There were several limitations in this study. First, we included records published by one institution (Cochrane) and in one field (public health) meaning that the results of this study may not be generalizable to other review publishers and to other academic fields. Second, we searched the reviews for specific keywords to find relevant information on dissemination and identify the relevant stakeholders. It cannot be ruled out that dissemination or stakeholders were addressed using other terms not included among our keywords, such as “end users.” Third, we did not systematically collect data on dissemination strategies post-publication beyond the Cochrane website. Thus, it is not clear if and how the evidence from Cochrane Public Health reviews was disseminated post-publication and who used such evidence and for what purposes. Fourth, data coding was done by one author and checked by another author in only 10% of records. Thus, it cannot be ruled out that some information was not coded or incorrectly coded, although no major discrepancies between both authors were detected in the checked 10% of records.


This study shows that Cochrane Public Health reviews are disseminated predominantly via PLS in different languages and via review information on Cochrane websites.
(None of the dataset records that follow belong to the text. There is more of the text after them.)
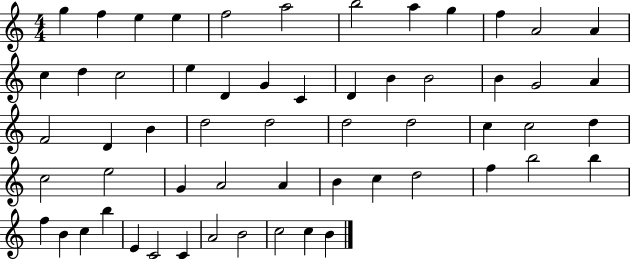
{
  \clef treble
  \numericTimeSignature
  \time 4/4
  \key c \major
  g''4 f''4 e''4 e''4 | f''2 a''2 | b''2 a''4 g''4 | f''4 a'2 a'4 | \break c''4 d''4 c''2 | e''4 d'4 g'4 c'4 | d'4 b'4 b'2 | b'4 g'2 a'4 | \break f'2 d'4 b'4 | d''2 d''2 | d''2 d''2 | c''4 c''2 d''4 | \break c''2 e''2 | g'4 a'2 a'4 | b'4 c''4 d''2 | f''4 b''2 b''4 | \break f''4 b'4 c''4 b''4 | e'4 c'2 c'4 | a'2 b'2 | c''2 c''4 b'4 | \break \bar "|."
}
Planned dissemination strategies were rarely reported although actual stakeholders were involved in the planning and production of some reviews. The relevance of Cochrane Public Health reviews for non-academic stakeholders and the general population highlights the need for the dissemination of evidence from such reviews beyond academia. Further research is required to identify other dissemination strategies for Cochrane reviews beyond PLS and the Cochrane website.